Task item = Word for word, please restate the line that contains "A North West" and all lines after it through the end of the material, minus the pictures.

Information shown =
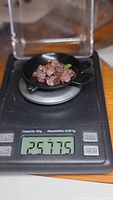 Tourmaline crystals weighed on a digital scale showing 25.77 carats total weight.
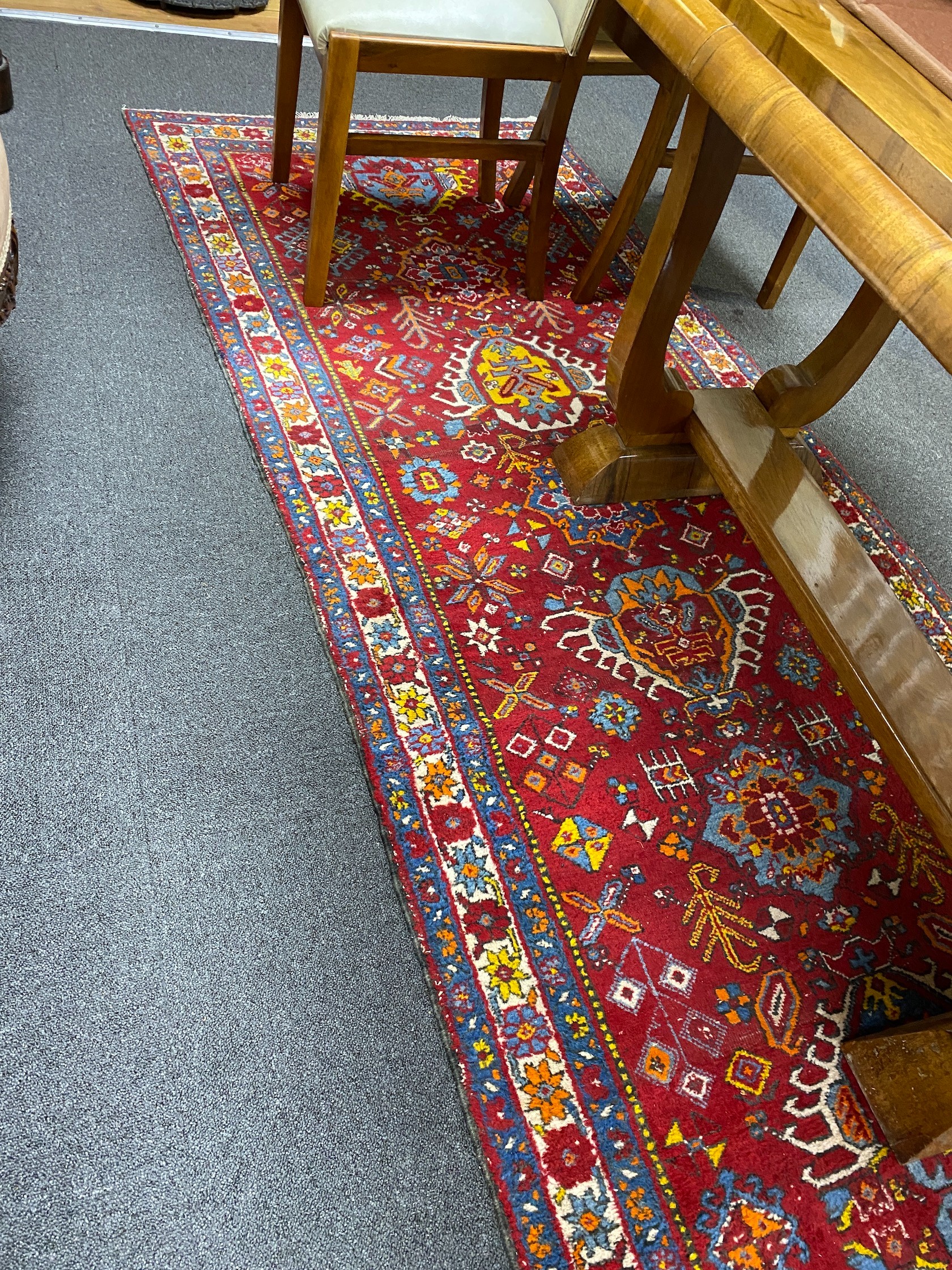 A North West Persian red ground runner, 426 x 100cm - Image 4 of 5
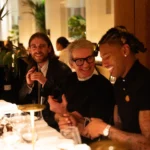 Guests dining together at Le Relais Plaza in Paris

The completed task =
 A North West Persian red ground runner, 426 x 100cm - Image 4 of 5
 Guests dining together at Le Relais Plaza in Paris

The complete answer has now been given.